INFORMATION SUPPLIED: Begin
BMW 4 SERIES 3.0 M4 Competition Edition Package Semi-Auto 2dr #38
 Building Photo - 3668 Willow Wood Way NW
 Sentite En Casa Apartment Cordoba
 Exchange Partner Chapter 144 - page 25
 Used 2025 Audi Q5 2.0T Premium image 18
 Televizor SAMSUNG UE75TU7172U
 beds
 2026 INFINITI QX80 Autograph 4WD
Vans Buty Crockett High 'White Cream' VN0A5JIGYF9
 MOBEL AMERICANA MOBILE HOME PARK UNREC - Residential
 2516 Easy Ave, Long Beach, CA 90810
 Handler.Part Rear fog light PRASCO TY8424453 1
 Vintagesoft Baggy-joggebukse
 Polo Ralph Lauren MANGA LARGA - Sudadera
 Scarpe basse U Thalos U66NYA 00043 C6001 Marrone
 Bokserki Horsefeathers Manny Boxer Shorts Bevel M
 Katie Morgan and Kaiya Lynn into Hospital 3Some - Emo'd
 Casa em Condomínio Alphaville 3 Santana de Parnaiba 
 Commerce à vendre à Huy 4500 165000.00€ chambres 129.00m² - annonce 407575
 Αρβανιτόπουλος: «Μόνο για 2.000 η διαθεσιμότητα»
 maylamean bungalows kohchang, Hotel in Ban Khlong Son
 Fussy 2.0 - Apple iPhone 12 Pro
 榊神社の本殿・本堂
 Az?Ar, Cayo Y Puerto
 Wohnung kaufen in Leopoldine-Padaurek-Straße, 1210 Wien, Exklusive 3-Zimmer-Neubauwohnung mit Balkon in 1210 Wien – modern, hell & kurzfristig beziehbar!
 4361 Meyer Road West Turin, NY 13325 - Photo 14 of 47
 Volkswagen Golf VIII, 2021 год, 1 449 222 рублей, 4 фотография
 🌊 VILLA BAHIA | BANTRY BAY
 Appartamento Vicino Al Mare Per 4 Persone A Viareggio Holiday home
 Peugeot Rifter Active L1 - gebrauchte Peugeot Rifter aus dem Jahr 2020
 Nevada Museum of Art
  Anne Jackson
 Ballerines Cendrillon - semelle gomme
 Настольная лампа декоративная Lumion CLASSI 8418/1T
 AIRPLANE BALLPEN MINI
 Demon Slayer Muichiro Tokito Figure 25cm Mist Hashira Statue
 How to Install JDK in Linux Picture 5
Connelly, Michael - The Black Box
INFORMATION SUPPLIED: End
- [EXERCISE DIRECTIONS] Beginning at the opening line of the data, transcribe each line exactly until you reach the line with "Casa em Condomínio", which you also include, and go no further.

- [REPLY TO THE EXERCISE]
BMW 4 SERIES 3.0 M4 Competition Edition Package Semi-Auto 2dr #38
 Building Photo - 3668 Willow Wood Way NW
 Sentite En Casa Apartment Cordoba
 Exchange Partner Chapter 144 - page 25
 Used 2025 Audi Q5 2.0T Premium image 18
 Televizor SAMSUNG UE75TU7172U
 beds
 2026 INFINITI QX80 Autograph 4WD
Vans Buty Crockett High 'White Cream' VN0A5JIGYF9
 MOBEL AMERICANA MOBILE HOME PARK UNREC - Residential
 2516 Easy Ave, Long Beach, CA 90810
 Handler.Part Rear fog light PRASCO TY8424453 1
 Vintagesoft Baggy-joggebukse
 Polo Ralph Lauren MANGA LARGA - Sudadera
 Scarpe basse U Thalos U66NYA 00043 C6001 Marrone
 Bokserki Horsefeathers Manny Boxer Shorts Bevel M
 Katie Morgan and Kaiya Lynn into Hospital 3Some - Emo'd
 Casa em Condomínio Alphaville 3 Santana de Parnaiba 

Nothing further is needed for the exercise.